You are viewing a plain text version of this content. The canonical link for it is here.
Posted to commits@tez.apache.org by ha...@apache.org on 2020/08/05 23:53:29 UTC

[tez] branch master updated: TEZ-4208 : Pipelinesorter uses single SortSpan after spill (Rajesh Balamohan via Ashutosh Chauhan)

This is an automated email from the ASF dual-hosted git repository.

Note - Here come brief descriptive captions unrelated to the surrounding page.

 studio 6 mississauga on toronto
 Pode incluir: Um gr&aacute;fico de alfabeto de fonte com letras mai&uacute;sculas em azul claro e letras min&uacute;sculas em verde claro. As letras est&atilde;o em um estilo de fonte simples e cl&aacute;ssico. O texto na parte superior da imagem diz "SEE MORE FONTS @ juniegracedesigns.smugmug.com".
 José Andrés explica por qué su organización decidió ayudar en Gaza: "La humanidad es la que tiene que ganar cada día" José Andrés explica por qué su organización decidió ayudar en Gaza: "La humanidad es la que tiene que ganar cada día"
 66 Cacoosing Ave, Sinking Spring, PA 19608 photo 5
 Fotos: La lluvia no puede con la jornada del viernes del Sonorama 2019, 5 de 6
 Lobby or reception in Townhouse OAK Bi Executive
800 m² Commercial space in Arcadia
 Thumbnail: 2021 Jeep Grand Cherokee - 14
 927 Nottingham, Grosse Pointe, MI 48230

hashutosh pushed a commit to branch master
in repository https://gitbox.apache.org/repos/asf/tez.git


The following commit(s) were added to refs/heads/master by this push:
     new 3ce961b  TEZ-4208 : Pipelinesorter uses single SortSpan after spill (Rajesh Balamohan via Ashutosh Chauhan)
3ce961b is described below

commit 3ce961bc732322140db4d6120b309134958cac7b
Author: Rajesh Balamohan <rb...@apache.org>
AuthorDate: Wed Aug 5 16:52:46 2020 -0700

    TEZ-4208 : Pipelinesorter uses single SortSpan after spill (Rajesh Balamohan via Ashutosh Chauhan)
    
    Signed-off-by: Ashutosh Chauhan <ha...@apache.org>
---
 .../library/common/sort/impl/PipelinedSorter.java  | 11 +++++---
 .../common/sort/impl/TestPipelinedSorter.java      | 29 ++++++++++++++++++++--
 2 files changed, 35 insertions(+), 5 deletions(-)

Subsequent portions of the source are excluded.